== The task ==
The lines from the beginning of the records below through the one holding "Illustration of a" are to be copied exactly; leave the pictures out.

== Entries shown ==
--------------------
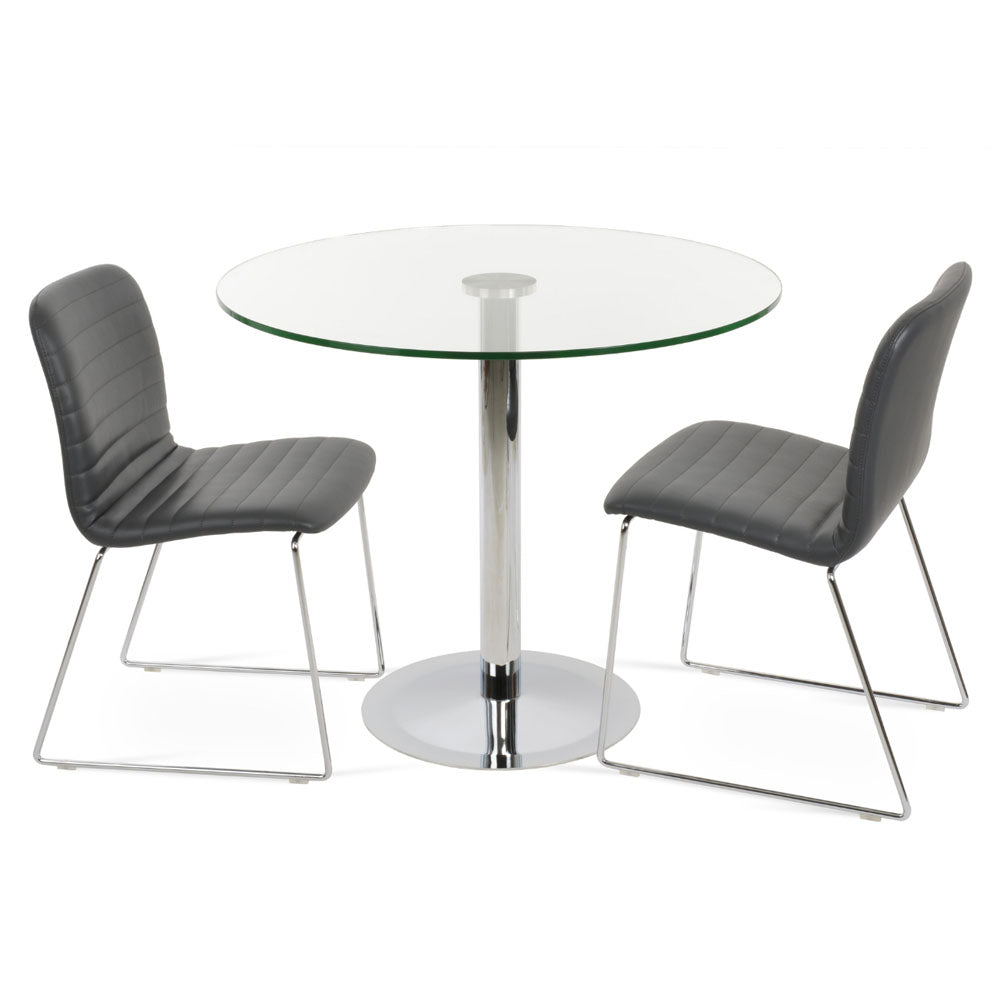 Lady Glass Dining Table by SohoConcept, showing lady glass dining table with chairs.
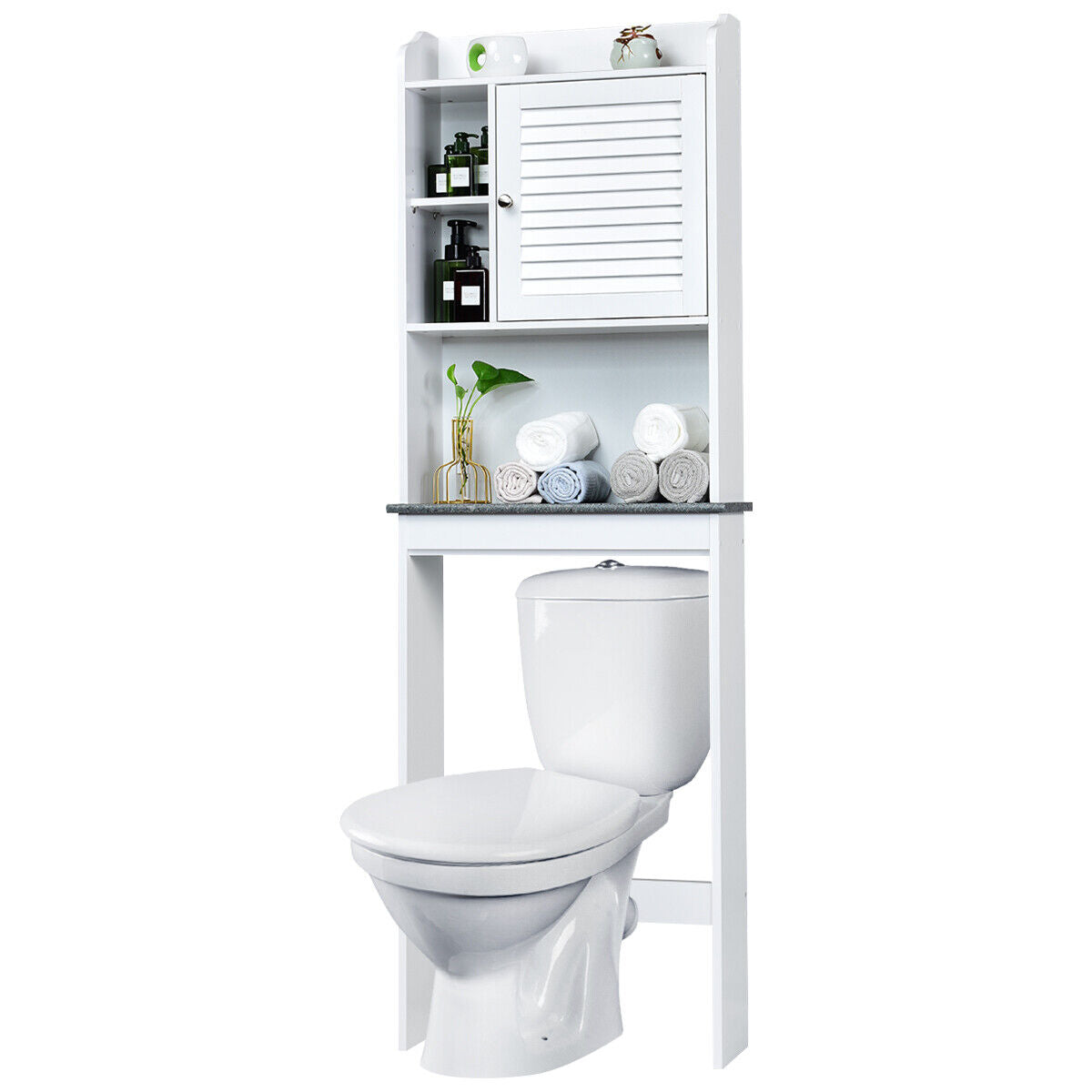 Over The Toilet Toilet Rack Bathroom Cabinet Organiser w/Louver Door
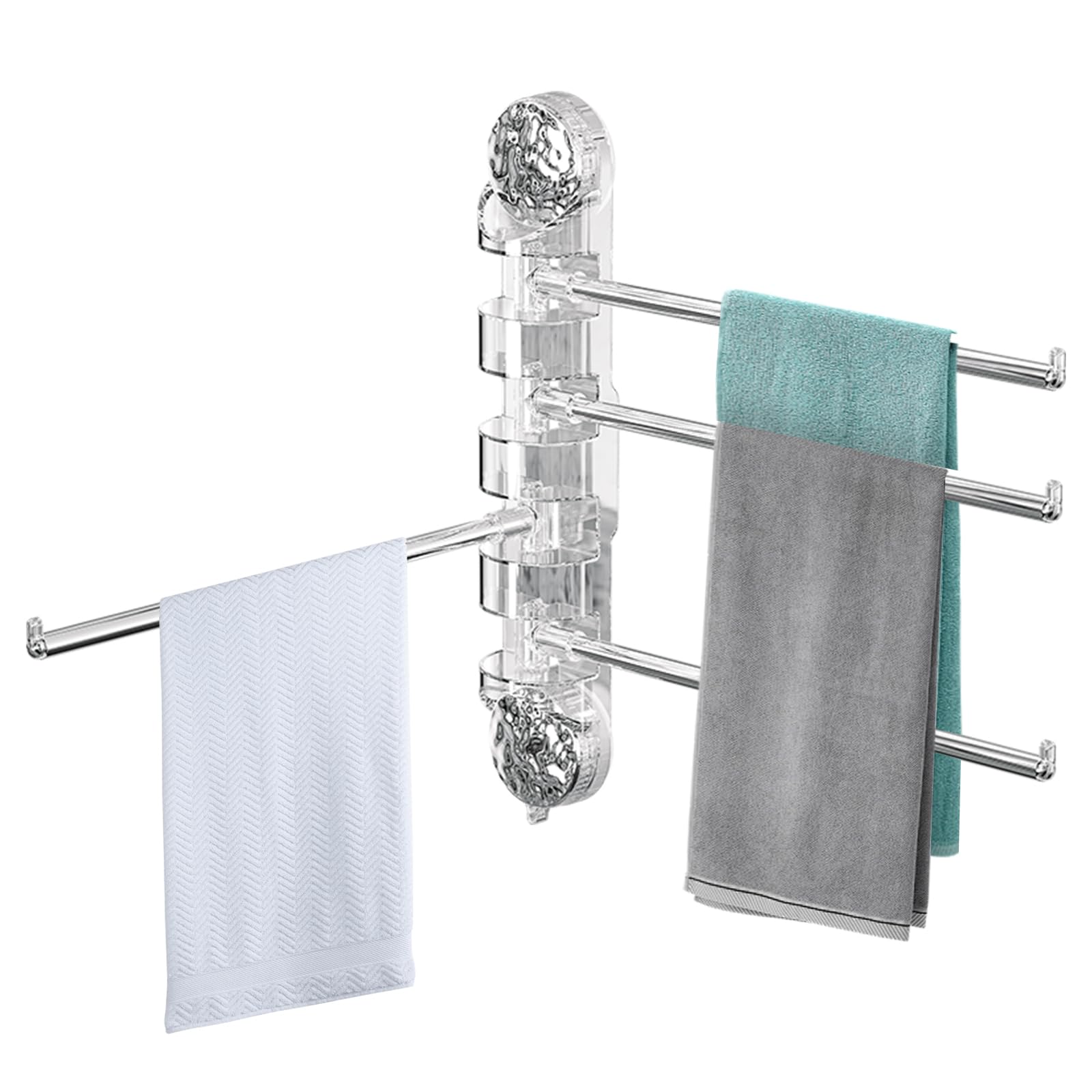 Swivel Towel Rack with Suction Cup, No Drilling Towel Racks for Bathroom, Wall Mounted and Space Saving 4-Arms Swivel Towel Bar, Stainless Steel Towel Holder for Shower Room and Kitchen.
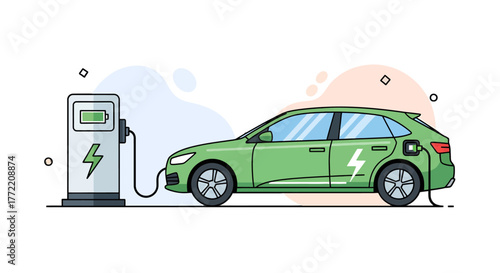 Illustration of a green electric car charging at a charging station, symbolizing sustainable transportation and eco-friendly energy solutions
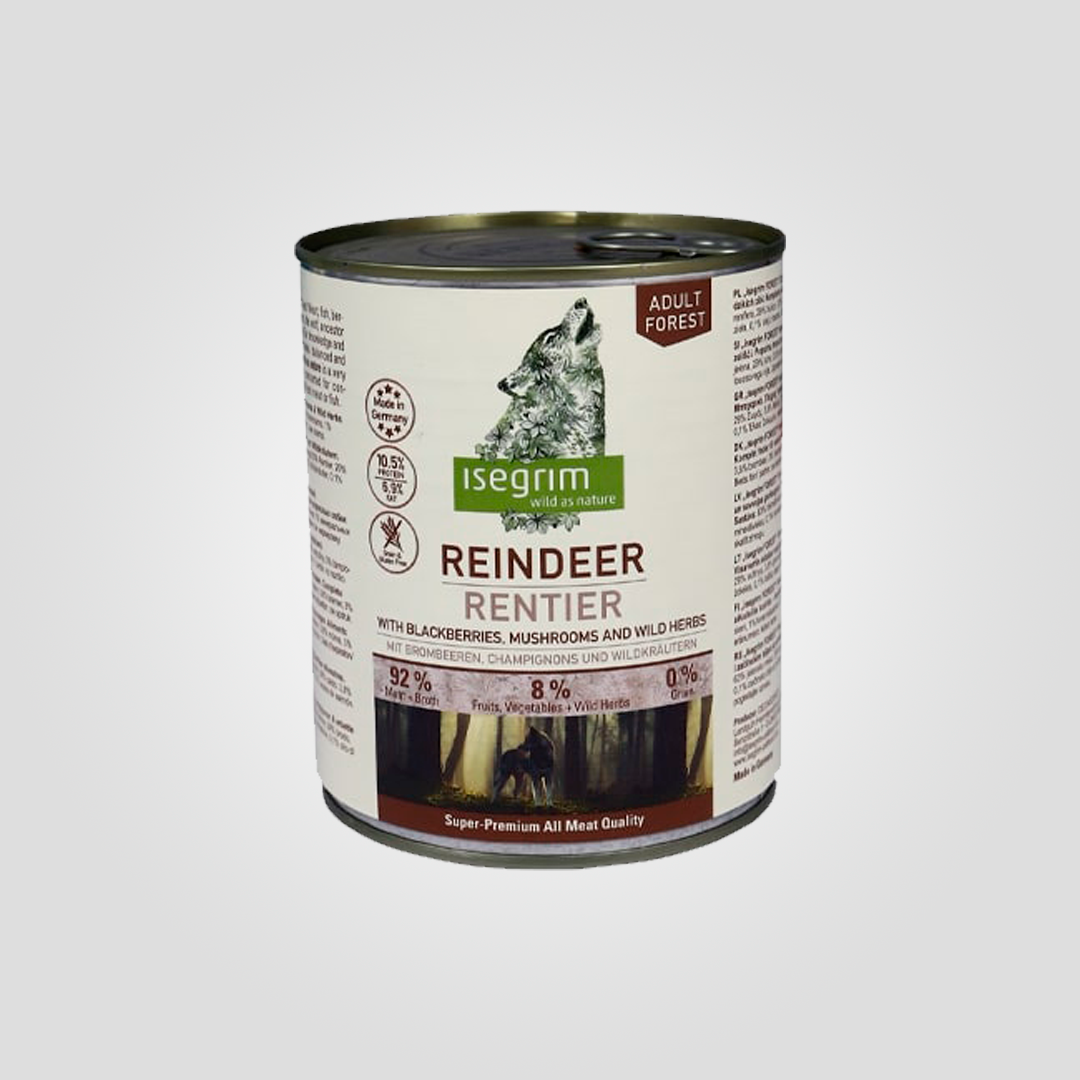 Корм консервированный для собак Isegrim Reindeer оленина с ежевикой и грибами 800 г (20502507)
--------------------
== Written solution ==
 Lady Glass Dining Table by SohoConcept, showing lady glass dining table with chairs.
 Over The Toilet Toilet Rack Bathroom Cabinet Organiser w/Louver Door
 Swivel Towel Rack with Suction Cup, No Drilling Towel Racks for Bathroom, Wall Mounted and Space Saving 4-Arms Swivel Towel Bar, Stainless Steel Towel Holder for Shower Room and Kitchen.
 Illustration of a green electric car charging at a charging station, symbolizing sustainable transportation and eco-friendly energy solutions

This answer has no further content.